- Extracted entries -
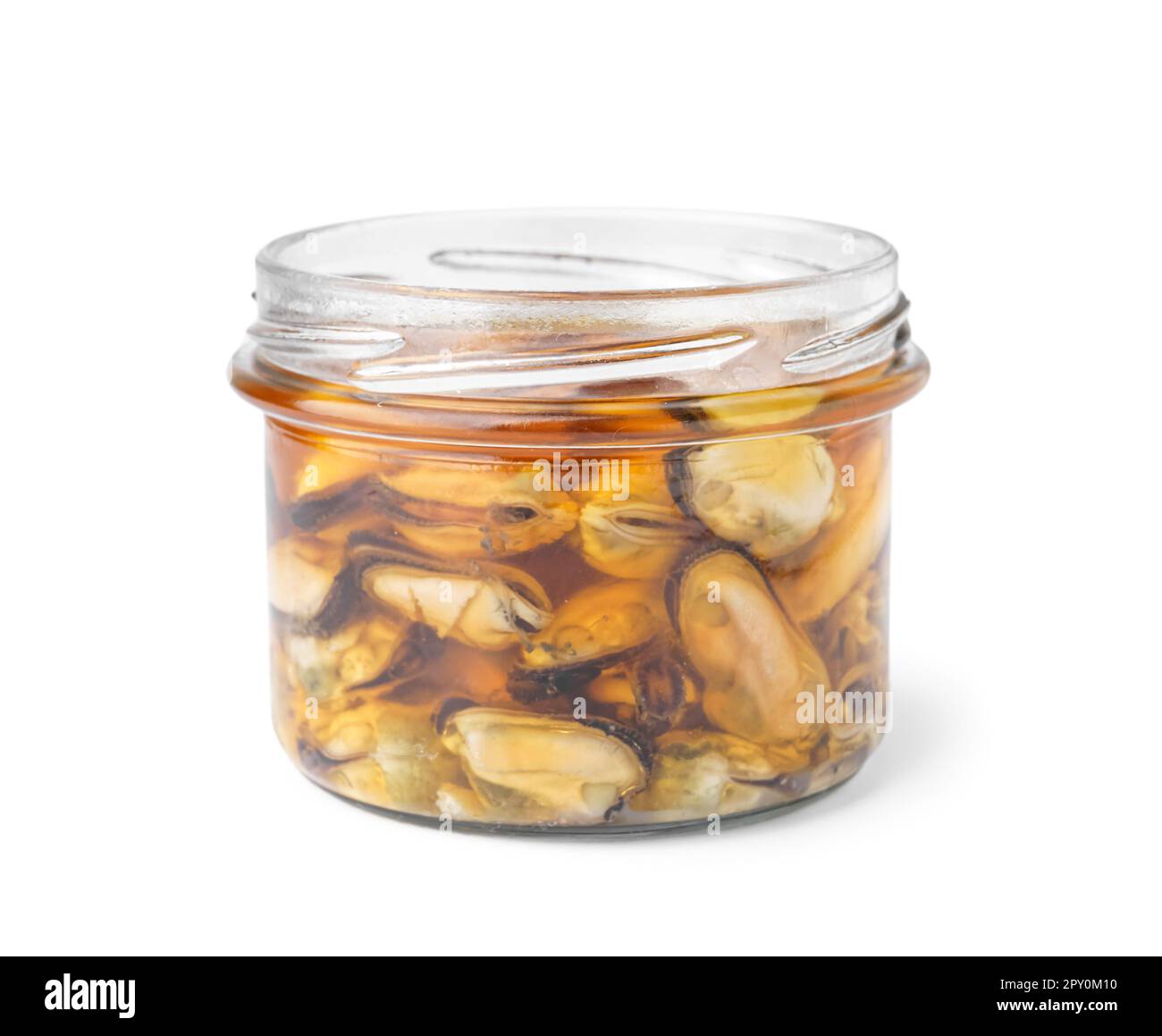 Marinated mussels in jar on white background Stock Photo Alamy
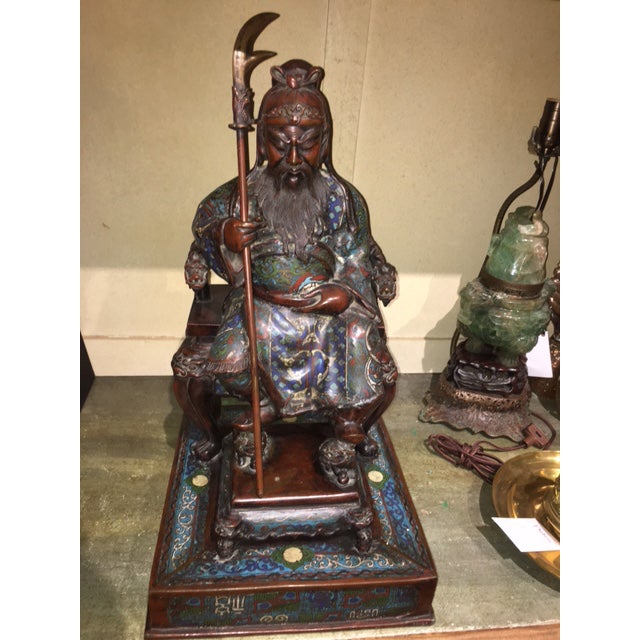 A Japanese Cloisonné Nobleman with gold stone mounted in forehead. Stone is slightly chipped but otherwise in mint...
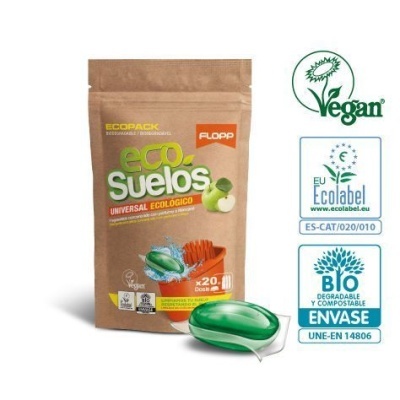 Embalagem de produto de limpeza ecológico Flopp com cápsula verde à frente e selos de certificação ambiental.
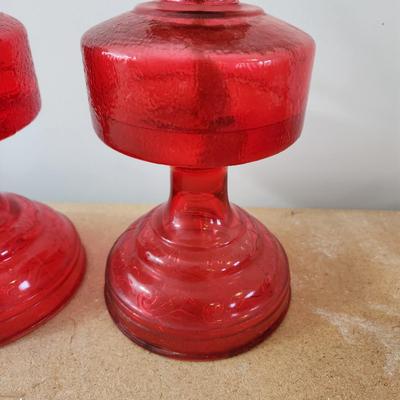 Pair Vintage Oil Lamps Red Glass Base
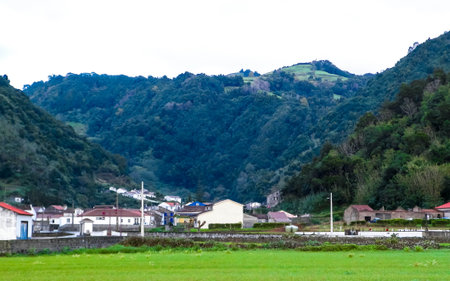 Village Faial da Terra on Sao Miguel Island. Beauty of Azores Archipelago on Atlantic.の写真素材
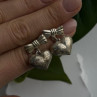 Vintage Heart with Bow Dangle 925 Sterling Silver Earrings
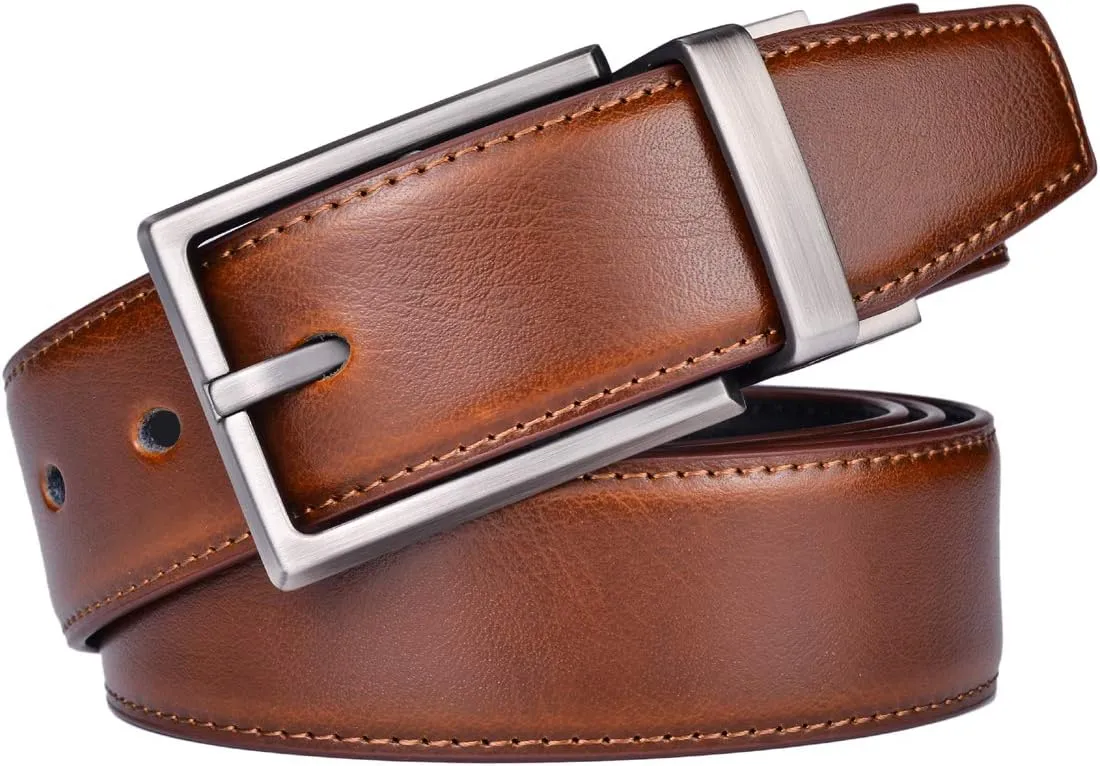 Men's Dress Belt Leather Reversible 1.25" Wide Rotated Buckle Gift Box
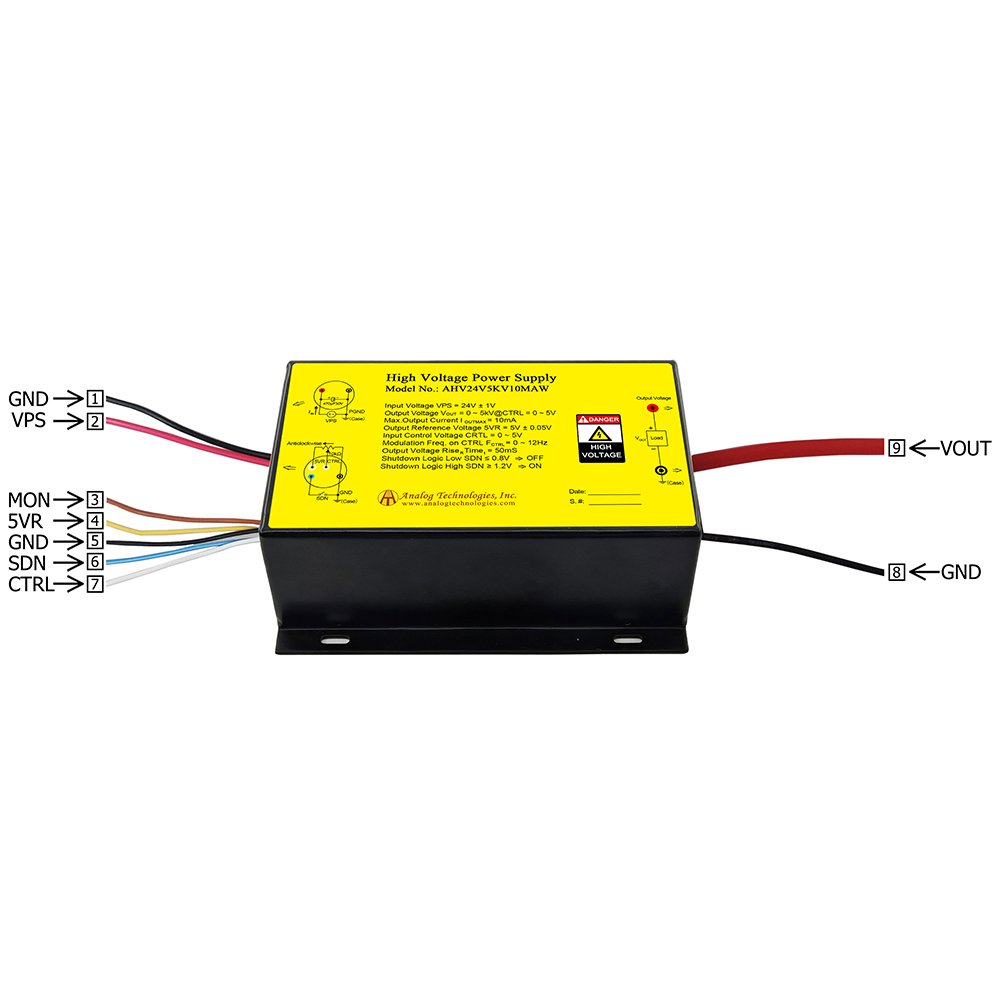 AHV24V5KV10MAW 5kV 10mA DC DC HV Power Supply (24V Input)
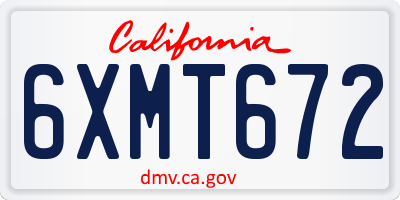 CA license plate 6XMT672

- What needs to be done -
Begin at the line with "Embalagem de produto" and retype exactly every line through the last one of the entries above, both included, and nothing more; pictures stay out.

- Exercise output -
 Embalagem de produto de limpeza ecológico Flopp com cápsula verde à frente e selos de certificação ambiental.
 Pair Vintage Oil Lamps Red Glass Base
 Village Faial da Terra on Sao Miguel Island. Beauty of Azores Archipelago on Atlantic.の写真素材
 Vintage Heart with Bow Dangle 925 Sterling Silver Earrings
 Men's Dress Belt Leather Reversible 1.25" Wide Rotated Buckle Gift Box
 AHV24V5KV10MAW 5kV 10mA DC DC HV Power Supply (24V Input)
 CA license plate 6XMT672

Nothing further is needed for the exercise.